Table 4: Descriptive statistics of serum cholesterol by race and sex.
Race	Sex	Frequency	Minimum	Maximum	Mean	SD
White	Male	4306	84	468	213.57	45.62
White	Female	4745	88	828	222.47	52.02
Black	Male	500	105	418	209.12	50.22
Black	Female	586	80	471	217.27	52.27
Other	Male	103	113	315	215.86	38.47
Other	Female	97	117	316	211.70	45.39

Descriptive statistics: Multiple quantitative variables

In the above examples, we have just considered multiple descriptive statistics of a single quantitative variable by one or two categorical variables. In the next examples, we illustrate how to compute two statistics for multiple quantitative variables by a single categorical variable. The first example shows the calculation of the mean and standard deviation while the second shows the calculation of the median and interquartile range.

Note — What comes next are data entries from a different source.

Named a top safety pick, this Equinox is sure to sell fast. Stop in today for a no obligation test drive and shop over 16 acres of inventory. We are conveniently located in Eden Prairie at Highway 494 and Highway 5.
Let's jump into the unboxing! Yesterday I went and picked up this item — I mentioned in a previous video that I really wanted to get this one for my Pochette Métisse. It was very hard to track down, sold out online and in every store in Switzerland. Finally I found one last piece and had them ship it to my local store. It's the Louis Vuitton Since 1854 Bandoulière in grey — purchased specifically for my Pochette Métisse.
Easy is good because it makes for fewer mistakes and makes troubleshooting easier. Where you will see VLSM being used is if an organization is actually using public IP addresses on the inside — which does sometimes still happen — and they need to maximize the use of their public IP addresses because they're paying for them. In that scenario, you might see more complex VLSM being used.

We begin by creating the function combinestats() that will be used to combine the mean and (standard deviation) in the first example, and the median and (interquartile range) in the second example. This function accepts two arguments - data and statistic which specify a vector with the data values and the statistic to compute (mean/median) respectively.

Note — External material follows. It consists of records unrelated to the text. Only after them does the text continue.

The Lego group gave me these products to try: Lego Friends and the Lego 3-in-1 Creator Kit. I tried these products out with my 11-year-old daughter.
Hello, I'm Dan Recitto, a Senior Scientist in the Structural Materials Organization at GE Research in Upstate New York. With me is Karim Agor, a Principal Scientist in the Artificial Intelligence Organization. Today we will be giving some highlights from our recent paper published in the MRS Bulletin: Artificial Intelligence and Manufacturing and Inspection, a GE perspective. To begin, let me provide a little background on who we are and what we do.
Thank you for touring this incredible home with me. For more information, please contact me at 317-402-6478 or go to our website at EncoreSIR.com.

combinestats = function(data, statistic = "mean"){
  
    # combinestats function returns the mean (standard deviation) or the 
    # median (standard deviation)
    # Inputs:
        # data: vector containing the data values
        # statistic: statistic to calculate (mean/median), default is mean
    # Outputs:
        # mean (standard deviation) or median (interquartile range)
  
    if (statistic == "mean"){
        data.mean = round(mean(data), 2)
        data.sd = round(sd(data), 2)
        mean.sd = cbind(paste0(c(data.mean, " (", data.sd, ")"), collapse = ""))
        return(mean.sd)
    }else if (statistic == "median"){
        data.median = round(median(data), 2)
        data.iqr = round(diff(quantile(data, c(1, 3)/4)), 2)
        median.iqr = cbind(paste0(c(data.median, " (", data.iqr, ")"), collapse = ""))
        return(median.iqr)
    }else{
        stop(statistic, " is an invalid value. Valid values are: mean or median.")
        return()
    }
}

We now apply the above function to the data set as shown in the code below in order to calculate the mean and standard deviation of the specified variables. Results are presented in Table 5, where the values in brackets are the standard deviations.

table5 <- nhanesdata %>% 
    group_by(health) %>% 
    summarise(Frequency = n(),
              Age = combinestats(age),
              BMI = combinestats(bmi),
              SystolicBP = combinestats(bpsystolic),
              DiastolicBP = combinestats(bpdiastolic),
              Cholesterol = combinestats(cholesterol)) %>%
  ungroup() %>%
  mutate_at(vars(health), list(~as.character(.))) %>%
  bind_rows(summarise(health = "Total", 
                      nhanesdata, 
                      Frequency = n(),
                      Age = combinestats(age),
                      BMI = combinestats(bmi),
                      SystolicBP = combinestats(bpsystolic),
                      DiastolicBP = combinestats(bpdiastolic),
                      Cholesterol = combinestats(cholesterol)))
names(table5)[1] = c("Health status")

kbl(table5, digits = 2, align = c("l", rep("r", times = ncol(table5)-1)),
    caption = "Table 5: Mean (standard deviation) of multiple quantitative variables by health status.") %>%
  kable_styling(bootstrap_options = "striped", full_width = FALSE, position = "left")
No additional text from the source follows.